▶ **EXERCISE**: The line that contains "Marinella Hotel 3*" marks the start. Please set it down, with every later line of the data, exactly and without pictures.

▶ **DATA**:
▼▼▼

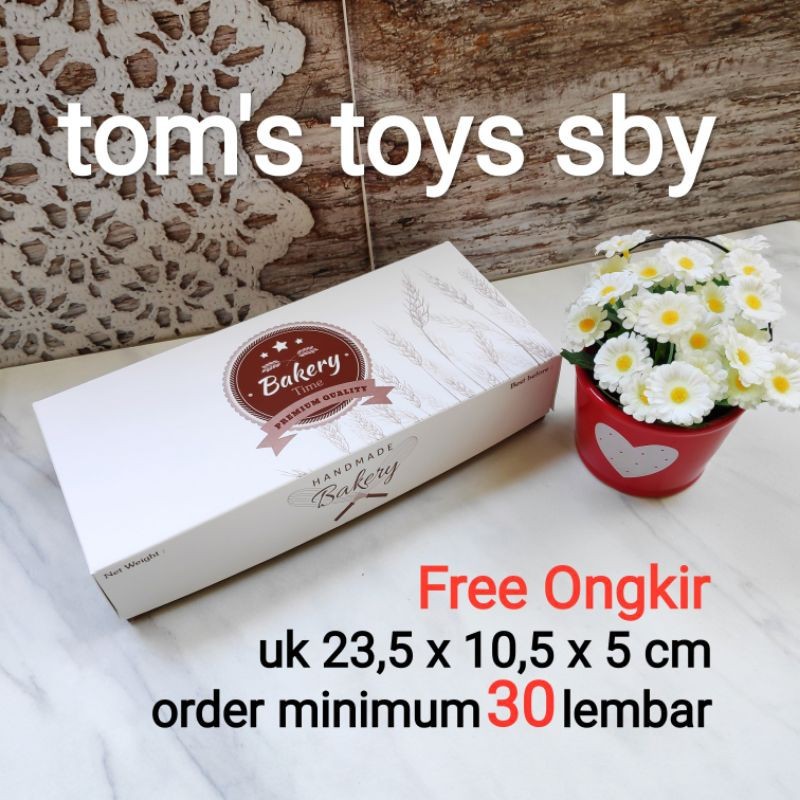 

Kotak Dus Brownies Kue Roti Coklat 100% Food Grade Paper 23,5 X 10,5 X 5 Cm Bukan Ivory ( B )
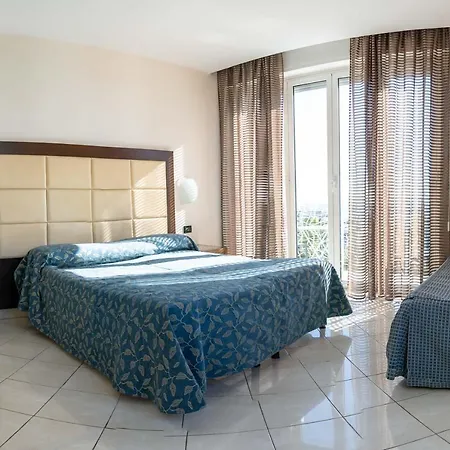 Marinella Hotel 3*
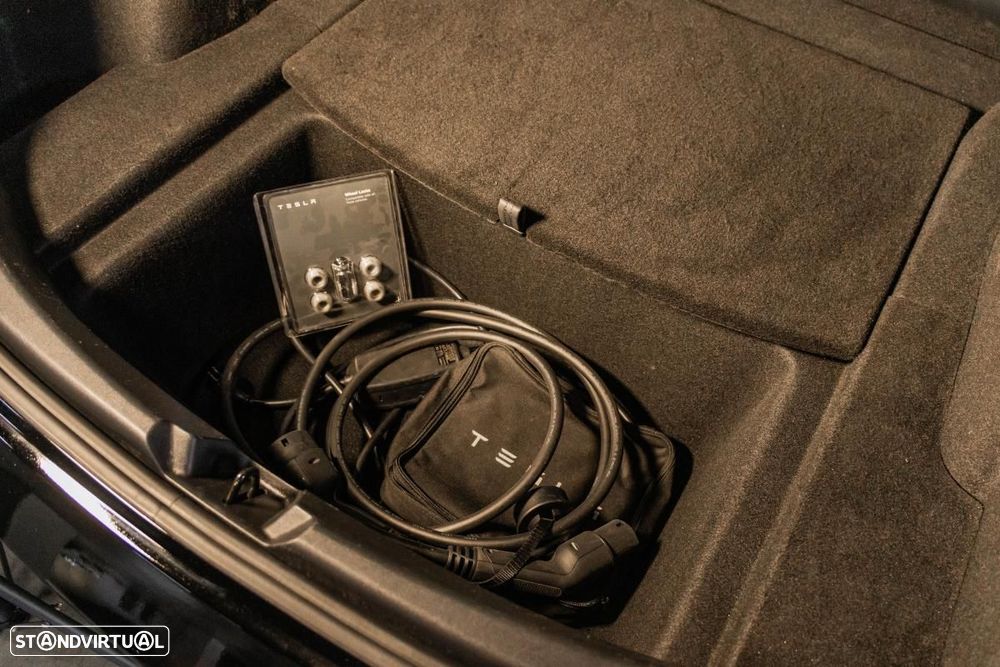 Tesla Model 3 Long Range AWD Dual Motor - 36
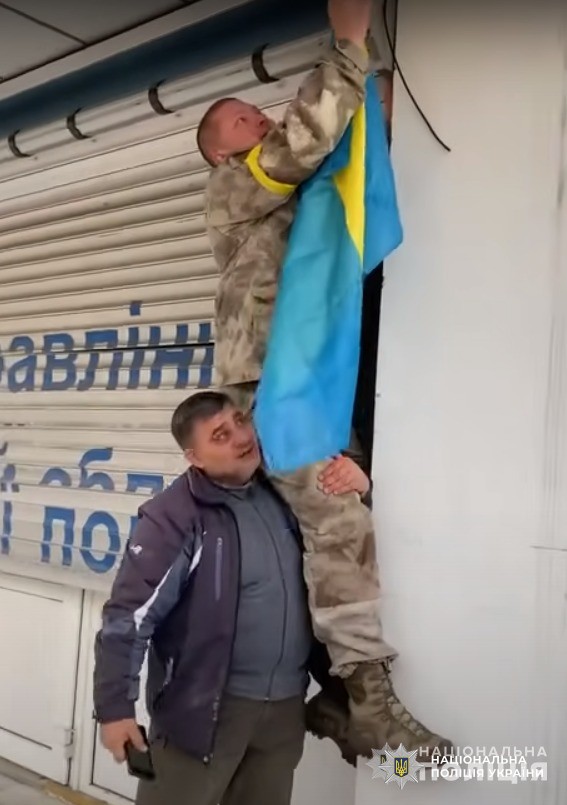 вулиці були залюднені, зустрічали оплесками – як поліцейські рік тому входили у звільнений херсон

▲▲▲

▶ **SOLVED EXERCISE**:
 Marinella Hotel 3*
 Tesla Model 3 Long Range AWD Dual Motor - 36
 вулиці були залюднені, зустрічали оплесками – як поліцейські рік тому входили у звільнений херсон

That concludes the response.